WHAT THE TASK ASKS: Exactly as they stand, give the records below again, with no images.

════════════════

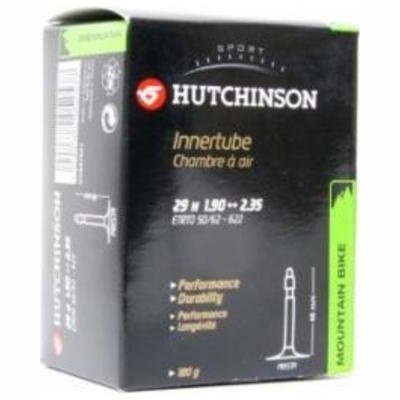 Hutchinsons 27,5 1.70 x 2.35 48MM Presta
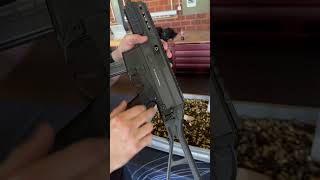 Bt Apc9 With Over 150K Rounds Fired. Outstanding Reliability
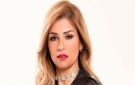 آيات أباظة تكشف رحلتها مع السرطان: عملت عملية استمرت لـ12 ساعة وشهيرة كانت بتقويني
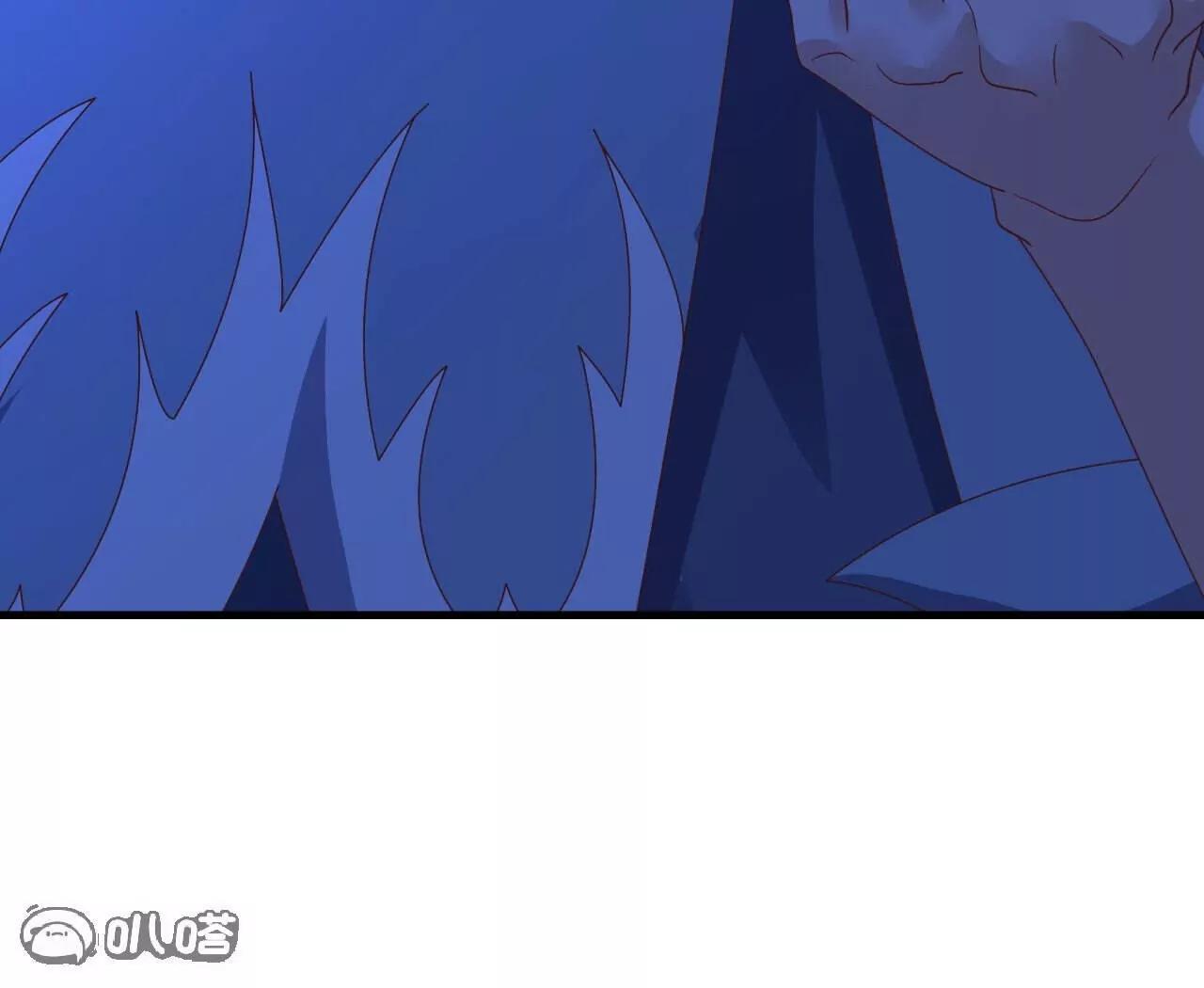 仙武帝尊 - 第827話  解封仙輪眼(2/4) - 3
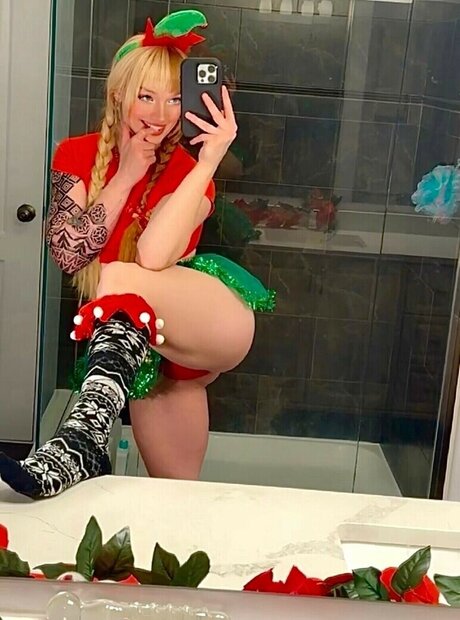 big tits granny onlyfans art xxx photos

════════════════

PROBLEM SOLUTION:
 Hutchinsons 27,5 1.70 x 2.35 48MM Presta
 Bt Apc9 With Over 150K Rounds Fired. Outstanding Reliability
 آيات أباظة تكشف رحلتها مع السرطان: عملت عملية استمرت لـ12 ساعة وشهيرة كانت بتقويني
 仙武帝尊 - 第827話  解封仙輪眼(2/4) - 3
 big tits granny onlyfans art xxx photos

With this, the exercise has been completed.